3-1/2 lbs. sliced frozen sweetened strawberries, thawed 
1/2 pint heavy whipping cream 
white bread, homemade or store bought, torn into small pieces 

In a large bowl, add the 3-1/2 lbs. (thawed) sweetened sliced strawberries. 

Stir in heavy cream until blended. 

Chill in the refrigerator 30 minutes to 1-2 hours. 

In serving bowls, add torn pieces of homemade, or store bought white bread. 

Pour desired amounts of the berry mixture over each bowl of bread. 

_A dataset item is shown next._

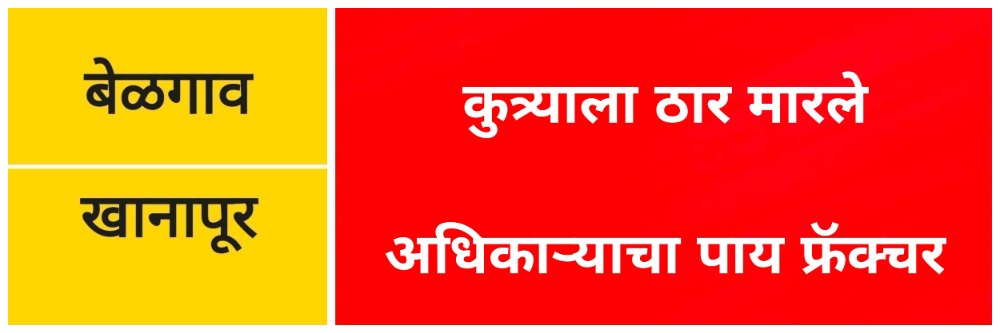 news_68447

Note: If using your own frozen strawberries, you may need to add a bit more granulated sugar, but according to taste. Do this before adding the cream. The amount of strawberries and cream added; depends upon you.


----------



## Dawgluver (Jul 28, 2016)

This sounds nice.  Bet it would be good over pieces of angel food cake as well.


----------



## Domestic Goddess (Jul 28, 2016)

Dawgluver said:


> This sounds nice. Bet it would be good over pieces of angel food cake as well.


 
Perhaps it would be!

We mainly serve it with the bread, as some of the bread soaks up the creamy strawberry liquid mixture. Our best time to enjoy this quick dessert is... when we have freshly picked corn-on-the-cob. The corn-on-the-cob and the berry bread make for a great meal.


----------